[Recorded information]

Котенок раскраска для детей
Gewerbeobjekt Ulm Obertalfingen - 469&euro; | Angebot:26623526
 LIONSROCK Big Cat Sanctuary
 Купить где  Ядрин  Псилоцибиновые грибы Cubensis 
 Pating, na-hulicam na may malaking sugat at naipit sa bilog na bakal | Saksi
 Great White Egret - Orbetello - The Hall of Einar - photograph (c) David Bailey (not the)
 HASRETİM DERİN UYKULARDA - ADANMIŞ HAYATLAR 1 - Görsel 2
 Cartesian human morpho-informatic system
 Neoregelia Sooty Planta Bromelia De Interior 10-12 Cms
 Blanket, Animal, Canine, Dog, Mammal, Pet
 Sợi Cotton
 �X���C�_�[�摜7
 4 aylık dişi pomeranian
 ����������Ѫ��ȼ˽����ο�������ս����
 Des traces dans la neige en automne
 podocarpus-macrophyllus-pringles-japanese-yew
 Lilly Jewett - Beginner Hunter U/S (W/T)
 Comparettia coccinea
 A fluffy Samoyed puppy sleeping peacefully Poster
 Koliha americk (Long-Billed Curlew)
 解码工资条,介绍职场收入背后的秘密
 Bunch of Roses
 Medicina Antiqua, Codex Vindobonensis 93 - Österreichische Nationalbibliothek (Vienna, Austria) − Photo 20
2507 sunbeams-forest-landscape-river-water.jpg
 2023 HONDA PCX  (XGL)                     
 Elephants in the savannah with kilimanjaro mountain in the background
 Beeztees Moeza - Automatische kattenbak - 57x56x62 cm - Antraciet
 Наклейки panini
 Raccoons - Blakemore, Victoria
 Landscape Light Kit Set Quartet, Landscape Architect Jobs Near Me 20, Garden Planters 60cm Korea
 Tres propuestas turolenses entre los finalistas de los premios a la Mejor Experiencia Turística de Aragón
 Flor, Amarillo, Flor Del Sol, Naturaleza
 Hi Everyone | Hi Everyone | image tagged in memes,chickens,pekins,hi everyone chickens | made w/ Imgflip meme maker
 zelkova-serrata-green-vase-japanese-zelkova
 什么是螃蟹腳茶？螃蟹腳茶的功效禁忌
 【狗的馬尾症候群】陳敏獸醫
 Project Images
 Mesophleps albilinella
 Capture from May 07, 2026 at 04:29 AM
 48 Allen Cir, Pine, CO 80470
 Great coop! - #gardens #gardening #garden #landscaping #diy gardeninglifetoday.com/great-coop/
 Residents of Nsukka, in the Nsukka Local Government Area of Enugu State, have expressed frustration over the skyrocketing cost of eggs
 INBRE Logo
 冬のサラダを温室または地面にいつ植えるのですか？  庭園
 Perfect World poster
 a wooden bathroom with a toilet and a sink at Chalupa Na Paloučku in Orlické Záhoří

[/Recorded information]

▶ _Activity_
Taking the lines above, repeat exactly those from the line that contains "Landscape Light Kit" through the line that contains "Great coop! - #gardens", and both of those lines as well. Include nothing else.

▶ _Task answer_
 Landscape Light Kit Set Quartet, Landscape Architect Jobs Near Me 20, Garden Planters 60cm Korea
 Tres propuestas turolenses entre los finalistas de los premios a la Mejor Experiencia Turística de Aragón
 Flor, Amarillo, Flor Del Sol, Naturaleza
 Hi Everyone | Hi Everyone | image tagged in memes,chickens,pekins,hi everyone chickens | made w/ Imgflip meme maker
 zelkova-serrata-green-vase-japanese-zelkova
 什么是螃蟹腳茶？螃蟹腳茶的功效禁忌
 【狗的馬尾症候群】陳敏獸醫
 Project Images
 Mesophleps albilinella
 Capture from May 07, 2026 at 04:29 AM
 48 Allen Cir, Pine, CO 80470
 Great coop! - #gardens #gardening #garden #landscaping #diy gardeninglifetoday.com/great-coop/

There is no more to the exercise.